The economic impact report shows visitors renting short-term rentals in the high-country vacationlands making up almost one-third of all tourist traffic and spending $1 billion in 2020. 

The study also disputes the widespread notion that short-term rentals are impacting workforce housing. Yes, it is hard to imagine a company like Airbnb, which counts tens of thousands of users in Colorado and submitted $25 million in tourist lodging taxes to Colorado municipalities in 2021, paying for a study that finds it culpable in the mountain-town housing crisis

Many local communities in the mountains have identified growth in short-term rentals as a primary driver in the shortage of worker housing. Most every community has approved increased regulations, taxes and even caps on short-term rentals.

The June 14 letter from the 15 commissioners and other municipal members of the Colorado Association of Ski Towns admits the housing crisis is not entirely due to short-term rentals, “however it is misleading to claim there is no relationship.”

Short-term renting has exploded in the last three years in Colorado’s resort towns. Airbnb, which does not release town-specific statistics of rental activity, said the $25 million in Colorado lodging taxes it collected and distributed in 2021 was a 90% increase over 2020, which mirrors the company’s nationwide increase in tourist taxes it remitted for the year. 

Summit County Commissioner Tamara Pogue called the study “a fairly standard piece of industry marketing.”

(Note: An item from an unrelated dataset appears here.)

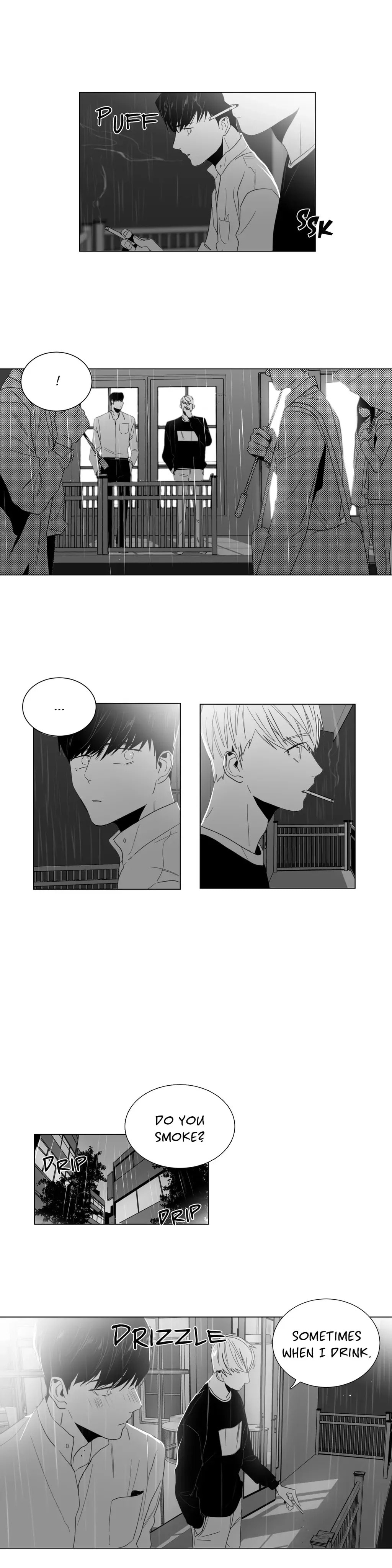 Read Lover Boy chapter 39.8 image 7 on Lezhin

“I’m not sure that it will have much validity or relevance in terms of the conversation over STR regulations, and certainly not as it pertains to housing,” said Pogue, who has been critical of short-term rentals permeating her community’s neighborhoods that previously had been used by working locals. “It’s fairly obvious that the intent of the report is to further support a multi-million dollar industry.”